Consider a set of $m$ points in $k^n$, $a_1, ..., a_m$. We do this by induction in number of points.
The base case: just the first point. $V(\{a_{1,1},a_{1,2},...,a_{1,m}\}) = V((X_1 - a_{1,1}, X_2 - a_{1,2}, ..., X_n - a_{1,n}))$, the variety corresponding to the ideal generated by linear monomials in the obvious way.
Then, the inductive case: we assume we have a variety for points $a_1$ through $a_{k-1}$ called $V_{k-1}$. We can form a variety for just this $k$th point with the above method -- i.e., $V'(\{a_{k,1},a_{k,2},...,a_{k,m}\}) = V((X_1 - a_{k,1}, X_2 - a_{k,2}, ..., X_n - a_{k,n}))$ Then, we can form the new variety $V_k = V' \cap V_{k-1}$, and $I(V_k) = I(V_{k-1}) \cup I(V')$.
So for any finite $k$ set of points, I show by induction that it is algebraic.

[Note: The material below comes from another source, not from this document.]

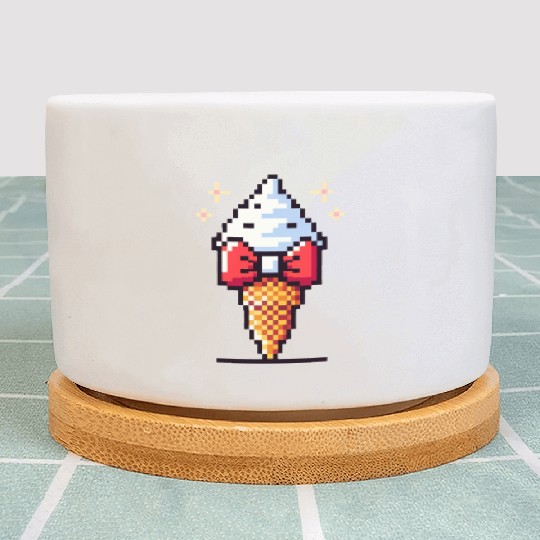 Whimsical 8-Bit Ice Cream: Retro Bow Tie Delight Plant Pots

One thing that perplexes me -- when I get to the final $I(V_n)$, I am interested in what those polynomials look like. Is there any computationally efficient ways to "sample" from the ideal?
 A: Your proof is ok.
Here is a sketch how to find explicitely the polynomials, i.e write your finite set as intersections of hypersurfaces.

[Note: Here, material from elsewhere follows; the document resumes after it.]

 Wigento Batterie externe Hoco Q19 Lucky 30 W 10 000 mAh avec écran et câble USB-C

Lemma 1 :  Let $b, a_1, \dots, a_m$ be points in $\Bbb A^n$. There is always an irreducible subvariety $V$ with $b \not \in V$ and $a_i \in V$ for $i = 1, \dots, m$.
Lemma 2 : Let $a_1, \dots, a_m$ be points in $\Bbb A^n$ and $V$ a subvariety with $a_i \in V$. Then, there is a subvariety $W$ of smaller dimension, which contains $a_1, \dots, a_m$.

Now, applying $n$ times lemma 2 gives us a closed finite subset $F$ with $a_i \in F$. Applying Lemma $1$ and induction gives explicit polynomials.
Proof of lemma 1 : Exercise :-)
Proof of lemma 2 : Let $A_d = \{f \in \mathcal O(V) : \deg(f) \leq d\}$. This is a vector space, and for $d$ big enough $\dim A_d \geq m$ (this always works unless $\dim V = 0$). In particular, there is always an element $f \in \mathcal O(V)$ with $f \neq 0, f(a_i) = 0$ for all $i$. You can take  $W = Z(f_i)$.
An example : Assume $n=2$. Then, for any points $a_1, \dots, a_m$ there is a curve of large degree $d$ with $a_i \in C$. Now, consider a different curve $C'$ of degree $d$ (assume $C,C'$ irreducible and $C \neq C'$) with the same property. Now, $C \cap C' = \{a_1, \dots, a_m, b_1, \dots, b_r\}$. For each $1 \leq j \leq r$, pick a irreducible curve $C_j$ with $a_i \in C_j, b_j \not \in C_j$. Now, if $f,f',f_j$ are equations for $C,C',C_j$ then the solutions of $f = f' =  f_1 = \dots = f_r = 0$ are exactly $\{a_1, \dots, a_m\}$.